White House press secretary Jay Carney said Monday he was "proud" of President Obama for saying over the weekend he would "think about changing" the name of the Washington Redskins.

Carney noted he was a longtime Redskins fan and a native-born Washingtonian.

"I was proud of my president on this issue," the press secretary said.

He also said that he did not believe Obama had called Redskins owner Dan Snyder to discuss the name.

Carney is a personal friend of the NFL owner, according to a financial disclosure form released in 2011.

In that document, Carney describes receiving a pair of tickets to watch two separate Redskins games in the owner's suite. The disclosure refers to Snyder as a "long-time personal friend."

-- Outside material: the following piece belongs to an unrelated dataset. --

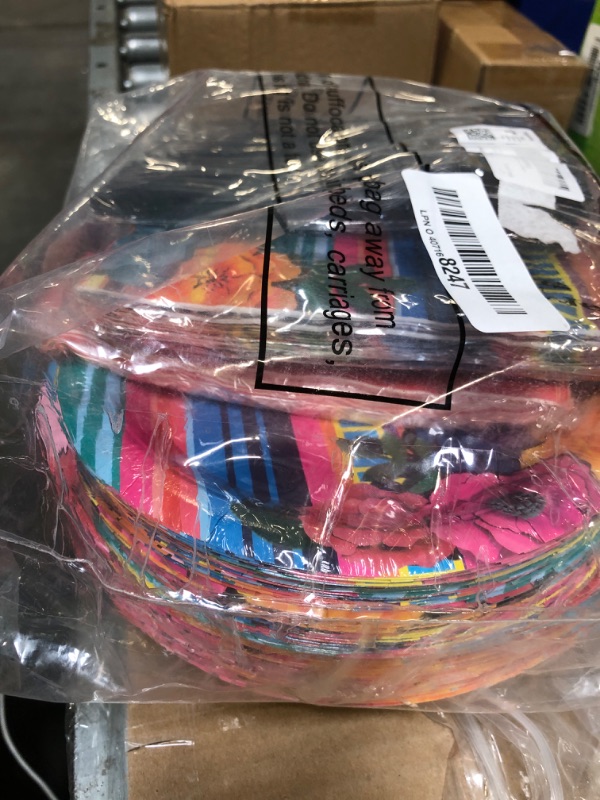 Photo 1 of **MISSING PARTS**200pcs Mexican Fiesta Plates Napkins Floral Paper Tableware Set Serape Stripes Cake Disposable Dinnerware Pinata Mexico Taco Party Decoration for Baby Shower Birthday Supplies Serves 50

In the interview with the Associated Press, Obama said that ultimately, the decision to change the name rested not with politicians, but the NFL franchise owners. Still, the president said, he would consider altering the nickname.

"If I were the owner of the team and I knew that the name of my team — even if they've had a storied history — was offending a sizable group of people, I'd think about changing it," Obama said.

The Redskins responded with a statement from their attorney, Lanny Davis, who is also a columnist for The Hill.

"We at the Redskins respect everyone," Davis said. "But like devoted fans of the Atlanta Braves, the Cleveland Indians and the Chicago Blackhawks (from President Obama's hometown ), we love our team and its name and, like those fans, we do not intend to disparage or disrespect a racial or ethnic group."